The supply of electric current to the magnetic coil 12 is effected via contact lugs 48, which are injected partway into the carrier body 11 made of plastic and in the other end protrude out of the housing 1 beyond the fastening bores 16 in the bottom 2. The contact legs 48 may extend at an angle to the valve axis, as shown. The contact lugs 48, which are partially enveloped by the guide tangs 14 of the carrier body 11, are provided with sealing rings 49 to effect sealing in the fastening bore 16 and are spray-coated with a plastic jacket 50 which at least partially envelops the fuel fitting 4 and the bottom 2 as well. In the vicinity of the ends of the contact lugs 48, the plastic jacket 50 is molded to form a plug connection 51.

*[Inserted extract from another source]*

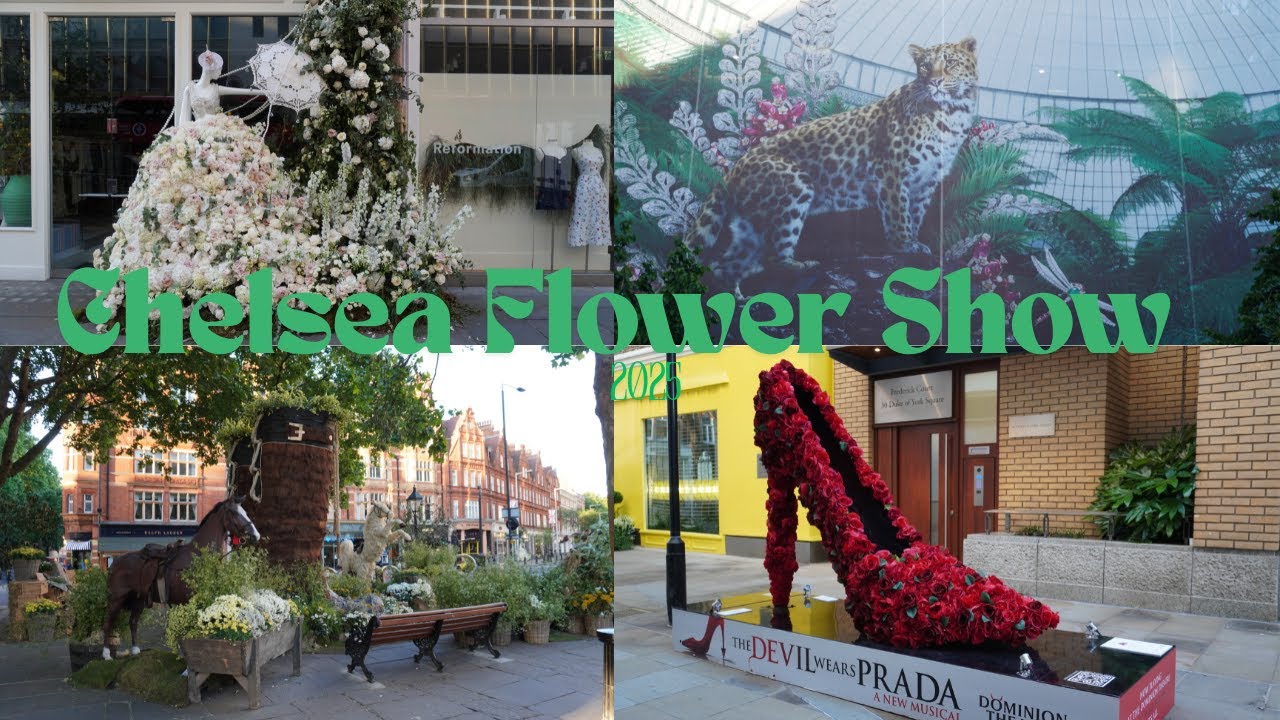 Chelsea Flower Show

When the magnetic coil 12 is experiencing a flow of electric current through it and when the flat armature 35 is thus attracted, the fuel flowing via the fuel fitting 4 can be partially metered at the fuel guide bores 29 and ejected via the preparation bore 28. Especially following a shutoff of the engine, the danger exists that because of the heat transferred from the engine to the injection valves fuel in the valves and fuel lines will vaporize, which can cause problems the next time the engine is started. Thus a blind bore 53 open toward the interior chamber 9 of the valve housing 1 is provided on the bottom 2 of the valve housing 1, and vapor bubbles can collect in this blind bore 53 and then pass via a connecting section 54 to an annular groove 55 embodied between the adjusting sheath 7 and the fuel fitting 4, for instance in the surface of the adjusting sheath 7. From the annular groove 55, degassing openings 56 extend approximately radially into the through bore 8 of the adjusting sheath 7. The blind bore 53, connecting section 54, annular groove 55 and degassing openings 56 thus together form a venting line, by way of which vapor bubbles can escape out of the valve housing 1 into the fuel fitting 4 at a sufficient distance away from the valve seat 33. The connecting section 54, which is embodied in the fuel fitting 4 and partially in the bottom 2, is advantageously produced by a known electroerosive material-removing process, following which the fuel fitting 4 will have been fixed in place in the bottom 2 of the valve housing 1.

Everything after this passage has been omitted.